We introduce a novel strategy to predict the equity premium by extracting news from more than 700000 newspaper articles, which were published in The New York Times and Washington Post between 1980 and 2018. The information is extracted and quantified by a statistical machine learning algorithm, namely the correlated topic model (CTM). We mimic the information set of a real-time investor and construct a continuous time series that tracks which type of news has been discussed at which point in time. The higher the media coverage of a certain topic, the higher is our assigned importance to that topic in that given point in time. We average these so-called topic proportions on a monthly basis, which are then used as predictors for the monthly excess returns of the S&P 500 index.
We devise a simple, yet flexible econometric strategy for mapping the estimated predictors into an overall point forecast of the equity premium. This approach effectively deals with estimation error and protects against over-fitting. We first apply univariate regressions to forecast the equity premium. We then aggregate those univariate forecasts in a data-adaptive manner by switching between model selection and model averaging, based on the recent forecasting performance. Model selection predicts the equity premium relying upon only one forecast. Model averaging predicts the equity premium computing the simple mean over all forecasts. Switching between model selection and model averaging can lower estimation error, while at the same time allowing to quickly adapt to changing market environments.

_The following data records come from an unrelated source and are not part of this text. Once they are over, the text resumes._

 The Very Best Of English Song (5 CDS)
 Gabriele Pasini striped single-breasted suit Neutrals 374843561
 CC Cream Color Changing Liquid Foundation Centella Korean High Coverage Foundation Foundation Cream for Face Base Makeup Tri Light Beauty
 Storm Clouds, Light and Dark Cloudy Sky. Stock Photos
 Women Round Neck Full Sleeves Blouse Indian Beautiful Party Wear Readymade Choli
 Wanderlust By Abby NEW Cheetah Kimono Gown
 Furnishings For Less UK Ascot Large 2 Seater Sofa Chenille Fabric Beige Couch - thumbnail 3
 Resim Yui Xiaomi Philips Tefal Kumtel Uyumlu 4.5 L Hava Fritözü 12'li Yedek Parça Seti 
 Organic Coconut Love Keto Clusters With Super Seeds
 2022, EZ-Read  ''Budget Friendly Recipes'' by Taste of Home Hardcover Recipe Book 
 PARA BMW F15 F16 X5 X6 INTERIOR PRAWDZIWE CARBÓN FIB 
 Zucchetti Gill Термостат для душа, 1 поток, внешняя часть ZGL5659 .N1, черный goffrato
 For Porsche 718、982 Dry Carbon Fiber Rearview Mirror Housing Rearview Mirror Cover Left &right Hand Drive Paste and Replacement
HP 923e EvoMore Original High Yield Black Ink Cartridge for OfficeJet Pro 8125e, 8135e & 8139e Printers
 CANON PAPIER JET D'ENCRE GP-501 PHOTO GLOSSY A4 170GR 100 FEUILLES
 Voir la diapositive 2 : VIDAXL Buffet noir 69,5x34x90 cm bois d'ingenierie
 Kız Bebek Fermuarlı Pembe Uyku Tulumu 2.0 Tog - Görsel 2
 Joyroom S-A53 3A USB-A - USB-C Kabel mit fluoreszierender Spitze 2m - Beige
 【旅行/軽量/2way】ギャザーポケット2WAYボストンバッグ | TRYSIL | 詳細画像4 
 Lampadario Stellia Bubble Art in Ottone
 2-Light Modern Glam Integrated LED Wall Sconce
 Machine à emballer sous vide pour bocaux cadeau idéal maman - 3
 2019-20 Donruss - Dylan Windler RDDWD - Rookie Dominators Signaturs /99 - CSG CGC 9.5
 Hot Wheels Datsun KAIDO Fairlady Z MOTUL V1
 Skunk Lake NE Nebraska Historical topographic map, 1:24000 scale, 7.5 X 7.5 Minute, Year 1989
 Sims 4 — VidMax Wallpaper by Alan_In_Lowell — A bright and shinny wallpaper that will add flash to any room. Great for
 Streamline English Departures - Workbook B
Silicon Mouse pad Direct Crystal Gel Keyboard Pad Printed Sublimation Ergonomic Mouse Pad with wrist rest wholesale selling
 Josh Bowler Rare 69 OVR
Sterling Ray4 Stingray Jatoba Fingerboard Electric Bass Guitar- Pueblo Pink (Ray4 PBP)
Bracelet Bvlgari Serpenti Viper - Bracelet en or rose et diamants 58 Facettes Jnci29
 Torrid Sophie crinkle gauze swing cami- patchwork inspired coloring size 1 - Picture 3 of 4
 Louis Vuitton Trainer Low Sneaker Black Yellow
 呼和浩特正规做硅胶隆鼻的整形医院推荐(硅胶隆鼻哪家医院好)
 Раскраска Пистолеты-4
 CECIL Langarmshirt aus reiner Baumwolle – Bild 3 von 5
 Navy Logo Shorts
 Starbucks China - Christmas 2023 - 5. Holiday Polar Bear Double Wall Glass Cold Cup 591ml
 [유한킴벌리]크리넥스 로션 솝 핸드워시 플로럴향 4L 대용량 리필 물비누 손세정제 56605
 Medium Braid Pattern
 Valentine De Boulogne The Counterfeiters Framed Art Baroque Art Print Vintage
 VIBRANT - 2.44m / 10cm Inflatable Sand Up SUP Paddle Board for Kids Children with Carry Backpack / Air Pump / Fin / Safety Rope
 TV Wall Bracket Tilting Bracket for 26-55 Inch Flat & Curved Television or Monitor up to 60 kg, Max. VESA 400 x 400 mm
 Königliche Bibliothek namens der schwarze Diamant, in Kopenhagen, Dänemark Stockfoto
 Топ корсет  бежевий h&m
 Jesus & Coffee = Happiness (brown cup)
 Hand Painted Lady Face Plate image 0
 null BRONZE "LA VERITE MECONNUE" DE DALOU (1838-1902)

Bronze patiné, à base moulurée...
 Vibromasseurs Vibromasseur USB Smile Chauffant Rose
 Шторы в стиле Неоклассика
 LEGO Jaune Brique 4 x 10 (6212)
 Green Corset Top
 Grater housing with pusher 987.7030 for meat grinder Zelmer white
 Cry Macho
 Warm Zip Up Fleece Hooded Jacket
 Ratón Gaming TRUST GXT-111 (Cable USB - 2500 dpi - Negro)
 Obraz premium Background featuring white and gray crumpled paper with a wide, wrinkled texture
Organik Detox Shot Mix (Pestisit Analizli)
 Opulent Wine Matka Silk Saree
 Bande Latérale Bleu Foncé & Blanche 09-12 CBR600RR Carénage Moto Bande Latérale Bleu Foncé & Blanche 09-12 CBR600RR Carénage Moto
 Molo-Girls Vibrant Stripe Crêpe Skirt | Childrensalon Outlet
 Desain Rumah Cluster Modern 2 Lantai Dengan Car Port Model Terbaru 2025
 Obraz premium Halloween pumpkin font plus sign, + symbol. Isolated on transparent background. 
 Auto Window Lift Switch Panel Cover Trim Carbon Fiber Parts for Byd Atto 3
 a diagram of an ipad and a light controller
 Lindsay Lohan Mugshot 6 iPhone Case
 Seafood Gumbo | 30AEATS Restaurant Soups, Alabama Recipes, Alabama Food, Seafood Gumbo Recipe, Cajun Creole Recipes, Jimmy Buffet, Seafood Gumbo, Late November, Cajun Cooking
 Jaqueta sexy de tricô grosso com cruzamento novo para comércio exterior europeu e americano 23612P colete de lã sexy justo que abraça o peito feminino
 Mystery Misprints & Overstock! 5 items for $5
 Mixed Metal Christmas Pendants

Our empirical results document large economic and statistical out-of-sample (OOS) gains. More precisely, we obtain an OOS R2 of 6.52% and and sizeable utility gains for a mean-variance investor. The news-based aggregate forecast embeds predictive information that is not captured by established economic predictors of the equity premium. In line with previous empirical findings, our forecasting gains are achieved in down markets. We link our results to an economic learning mechanism that is capable of explaining why predictability is concentrated in bad times. We further document that geopolitical news are at times more valuable than economic news to predict the equity premium. This particularly holds true for the years between 1999 and 2006, which covers the 9/11 attacks, the Afghanistan War, and the Iraq War.